● **BRIEF**
Find the line below with "new 2025 Kia" and the line with "524 NORTH CORNICHE DU LAC Street". Output them and the lines between, exactly, but not the pictures.

--------

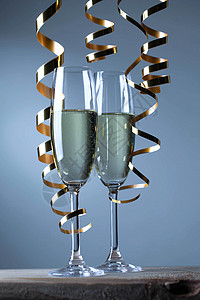 两杯香槟杯 新年 卡片 派对 蓝色的 假期 浪漫的背景图片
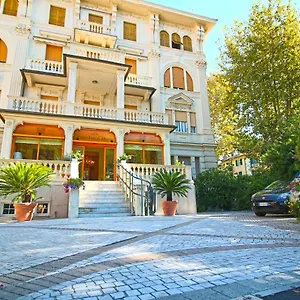 Il Giardino Di Albaro *** Genoa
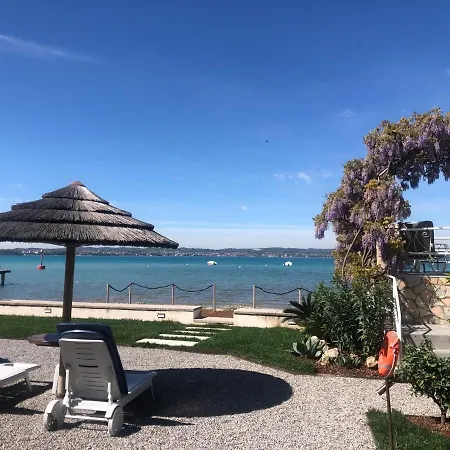 Bed & Breakfast Le Petit Du 3*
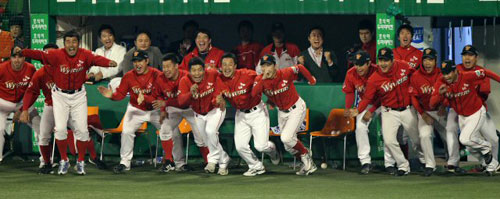 19일 대구 시민운동장에서 열린 프로야구 한국시리즈 4차전 삼성-SK 경기에서 SK가 4-2로 승리하며 우승했다. SK 선수들이 우승이 확정되자 더그아웃을 뛰어 나오고 있다.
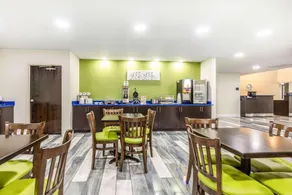 Travelodge by Wyndham Flowood - Image 4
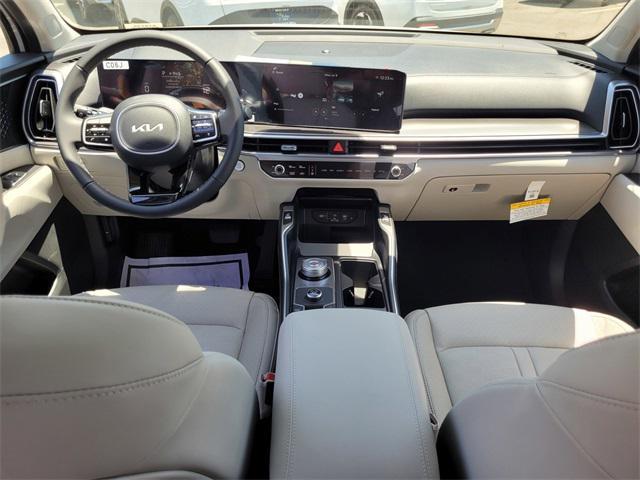 new 2025 Kia Sorento Hybrid car, priced at $39,655
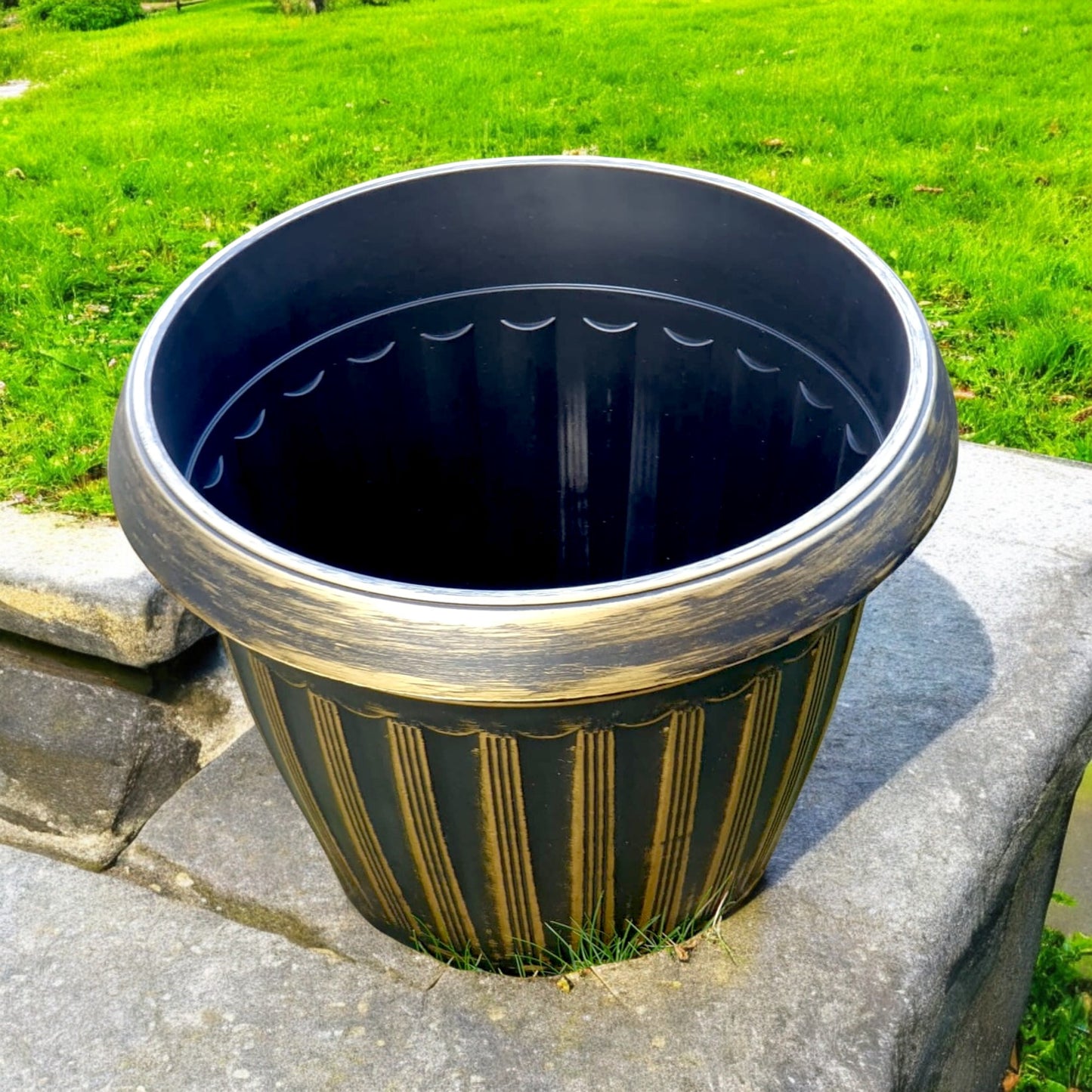Vintage Bronze Striped Garden Planter – 37CM X 29CM (Single/Pack of 2)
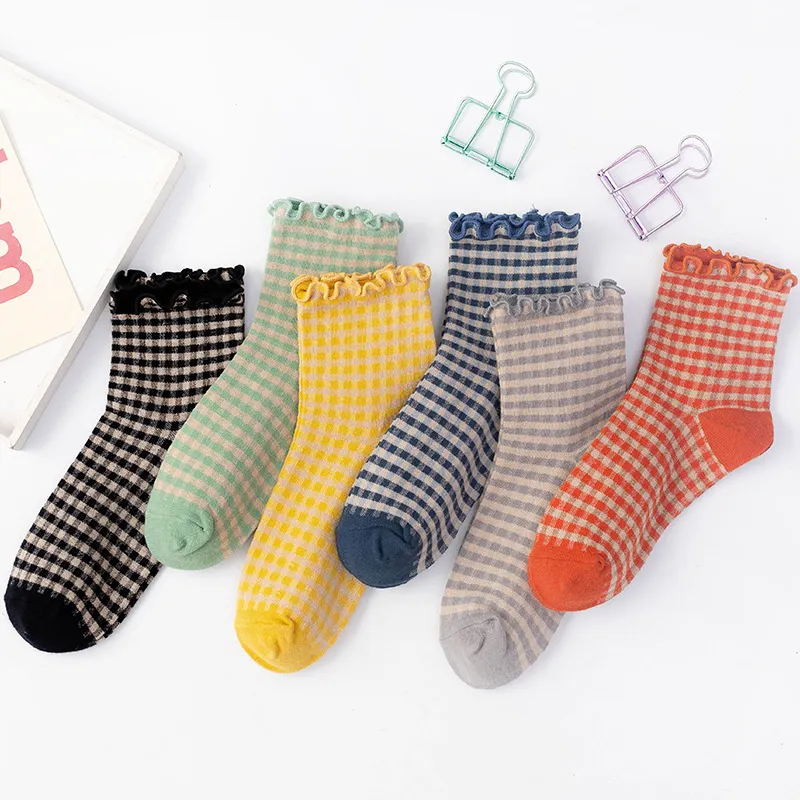 Women Fashion Plaid Pattern Breathable Cotton Socks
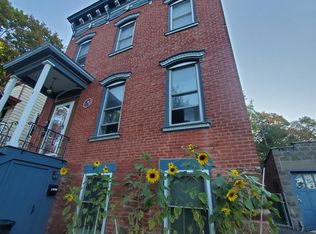 4 Lawrence St FLOOR 1, Rensselaer, NY 12144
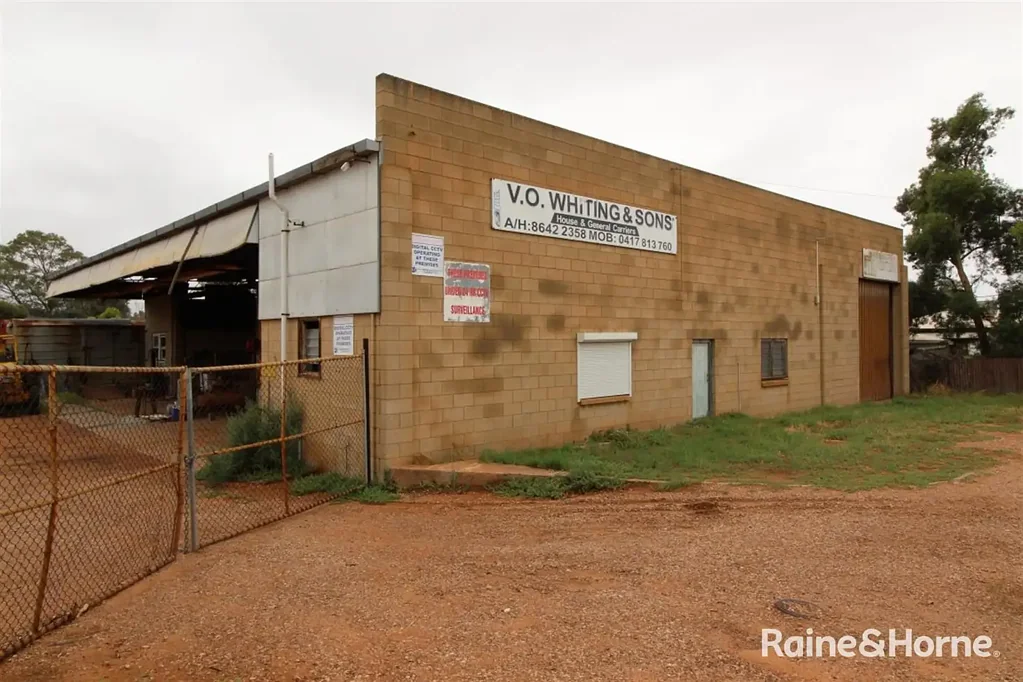 Port Augusta Over 1 Acre Zoned Residential.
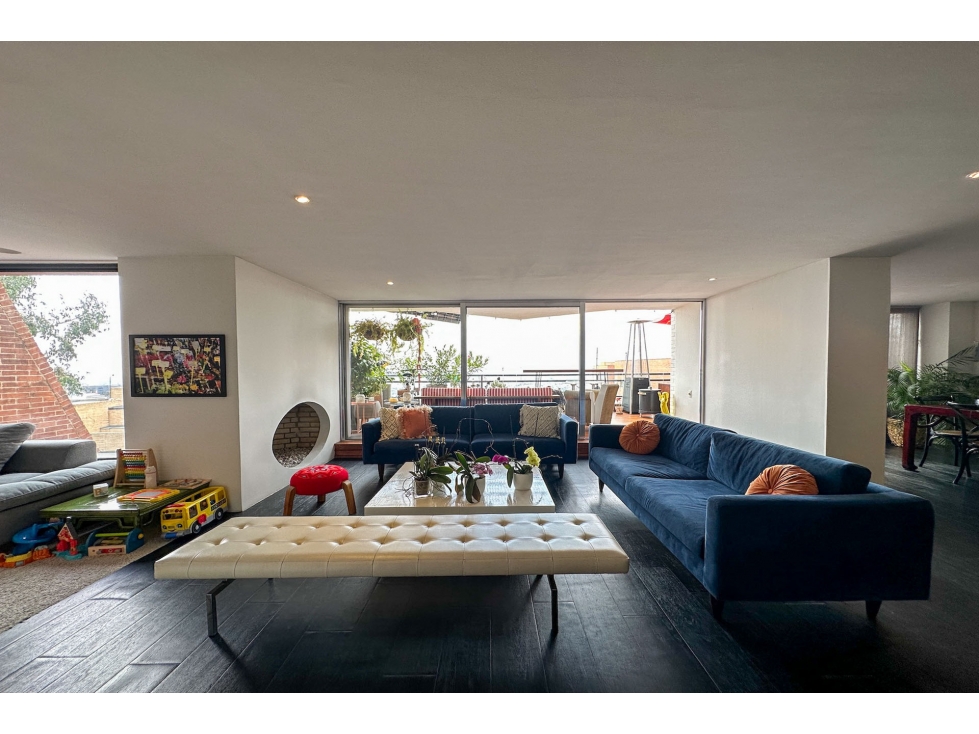 Apartamento en venta en Los Rosales, Bogotá · foto 3 de 24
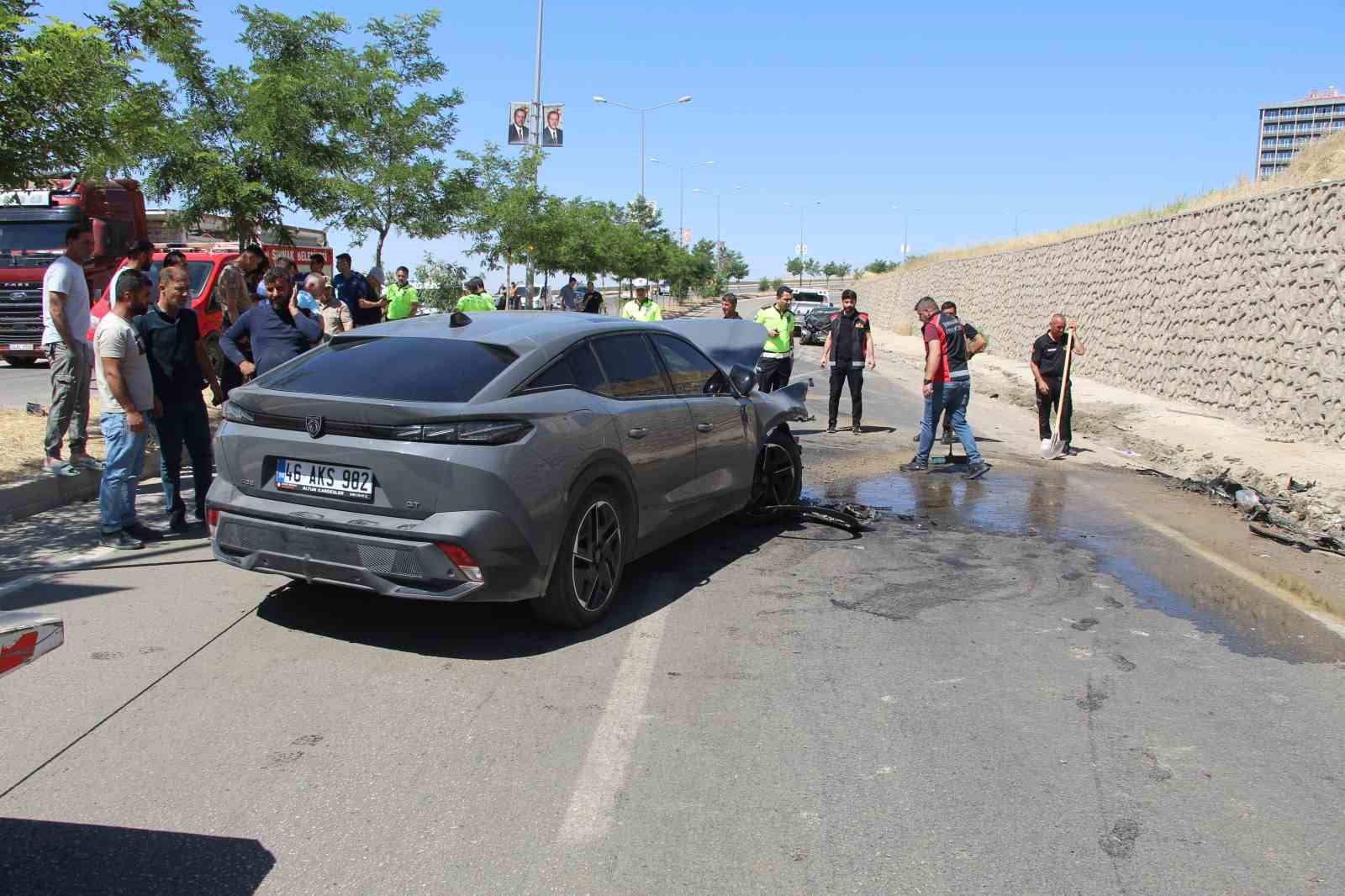 Şırnak’ta feci trafik kazası: Öğretmen hayatını kaybetti, 3 kişi yaralandı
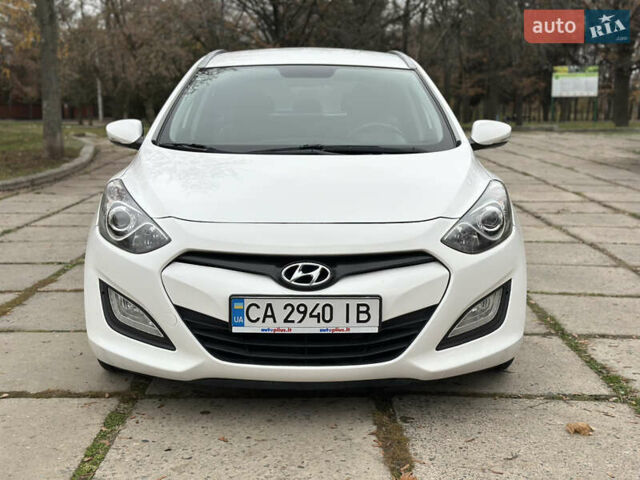 Белый Хендай i30, объемом двигателя 1.6 л и пробегом 190 тыс. км за 7750 $, фото 19 на Automoto.ua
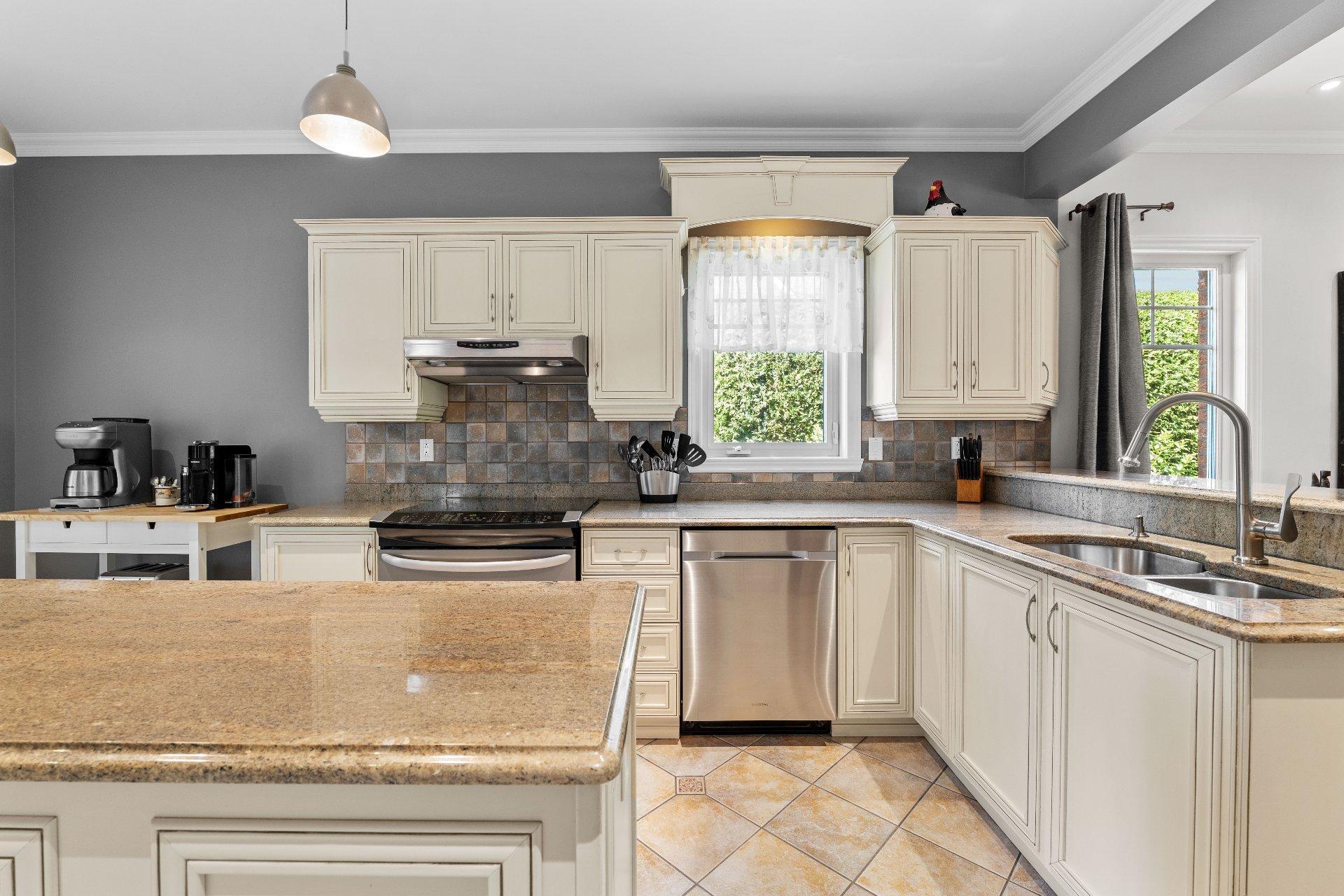 









155


Rue des Hérons

,
La Prairie,




QC
J5R6B6

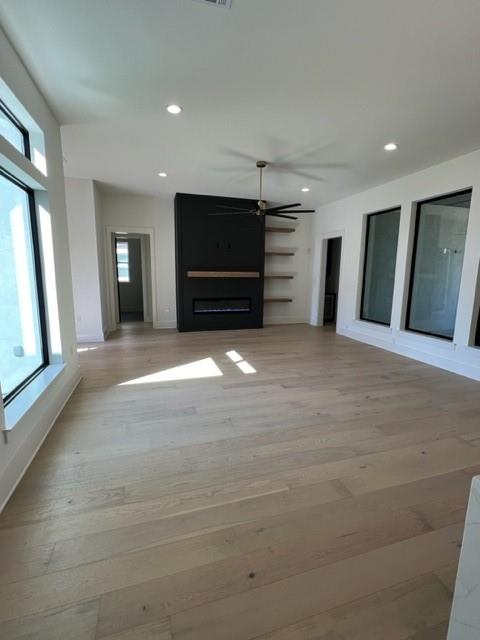 524 NORTH CORNICHE DU LAC Street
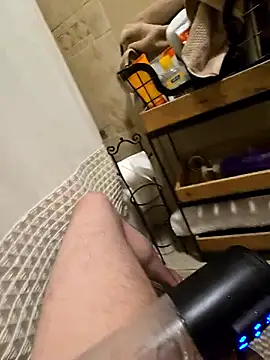 Snapshot of dadyyD95 chatting on December 5, 9:17 am dadyyD95 online show from December 5, 9:17 am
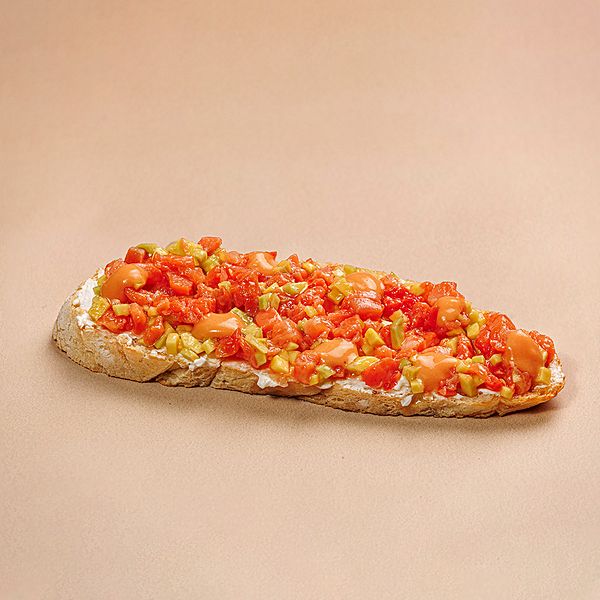 Брускетта с лососем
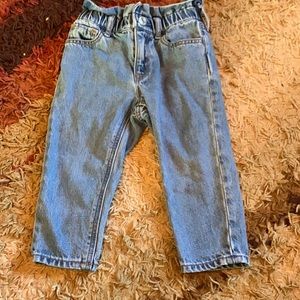 Gap denim “mom” jeans size girls 2T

--------

● **SOLUTION TO THIS TASK**
 new 2025 Kia Sorento Hybrid car, priced at $39,655
Vintage Bronze Striped Garden Planter – 37CM X 29CM (Single/Pack of 2)
 Women Fashion Plaid Pattern Breathable Cotton Socks
 4 Lawrence St FLOOR 1, Rensselaer, NY 12144
 Port Augusta Over 1 Acre Zoned Residential.
 Apartamento en venta en Los Rosales, Bogotá · foto 3 de 24
 Şırnak’ta feci trafik kazası: Öğretmen hayatını kaybetti, 3 kişi yaralandı
 Белый Хендай i30, объемом двигателя 1.6 л и пробегом 190 тыс. км за 7750 $, фото 19 на Automoto.ua









155


Rue des Hérons

,
La Prairie,




QC
J5R6B6

 524 NORTH CORNICHE DU LAC Street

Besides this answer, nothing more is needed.